Pope Francis appoints priest as bishop of Ohio-based Byzantine eparchy

Pope Francis addresses pilgrims from the Ruthenian Eparchy of Mukachevo in St Peters Basilica Dec 11 2019 Credit Filippo Monteforte AFP via Getty Images Pope Francis addresses pilgrims from the Ruthenian Eparchy of Mukachevo in St. Peter's Basilica, Dec. 11, 2019. | Filippo Monteforte/AFP via Getty Images.

Pope Francis this week confirmed the appointment of a priest of the Eparchy of Phoenix as the bishop of a Byzantine Catholic eparchy serving several midwestern U.S. states, the Vatican announced Thursday. 

In its regular update of resignations and appointments, the Holy See Press Office said Aug. 31 that Father Robert Mark Pipta had been appointed as bishop of the Eparchy of Parma based outside of Cleveland.

The Byzantine Catholic Church — formally titled the Ruthenian Greek Catholic Church — is known in canon law as an “ecclesia particularis,” or a “particular church,” one that is in full communion with the Holy See but which retains distinct liturgical rites and customs from that of the Latin Church. 

An eparchy is the Byzantine Catholic equivalent of a diocese. The Parma eparchy encompasses most of Ohio as well as Indiana, Michigan, Illinois, Wisconsin, Minnesota, Missouri, Iowa, Kansas, Nebraska, North Dakota, and South Dakota, the bishopric says on its website.

Pipta is a priest of Holy Protection of Mary Byzantine Catholic Eparchy of Phoenix, and currently serves as rector of Byzantine Catholic Seminary of Saints Cyril and Methodius in Pittsburgh, Pennsylvania.

Pipta was ordained in 1994 for the Byzantine Catholic Eparchy of Van Nuys, the U.S. Conference of Catholic Bishops says on its website. He has served at parishes in California and Nevada in addition to his appointments in Pennsylvania and Arizona. 

The newly appointed bishop said in a letter this week that since its founding 50 years ago, the Parma eparchy has “shown itself a leader in return to authentic liturgical practice and has enhanced its parishes in the liturgical arts.”

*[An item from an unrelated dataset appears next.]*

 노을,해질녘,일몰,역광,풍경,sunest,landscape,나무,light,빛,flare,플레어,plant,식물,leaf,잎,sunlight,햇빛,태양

“Efforts of evangelization and outreach are notable in the eparchy, including guidance to assist college students in remaining connected to their Byzantine Catholic upbringing,” Pipta said. “I’m eager to do my part for the increase of these and many other Spirit-guided endeavors.”

Reached for comment on Thursday, an eparchy official said the bishopric has not yet finalized arrangements for Pipta’s installation. Passaic Eparchy Bishop Kurt Richard Burnette, who also serves as the apostolic administrator of Parma, said in a letter that Pipta would be consecrated in his new role on Nov. 8. 

The Parma eparchy includes nearly 30 parishes spread across 12 states, totaling roughly 4,300 parishioners.

The eparchy was established in February 1969 by Pope Paul VI.

A previous version of this article identified Father Pipta as “a Pittsburgh priest.” He is a priest of the Eparchy of Phoenix.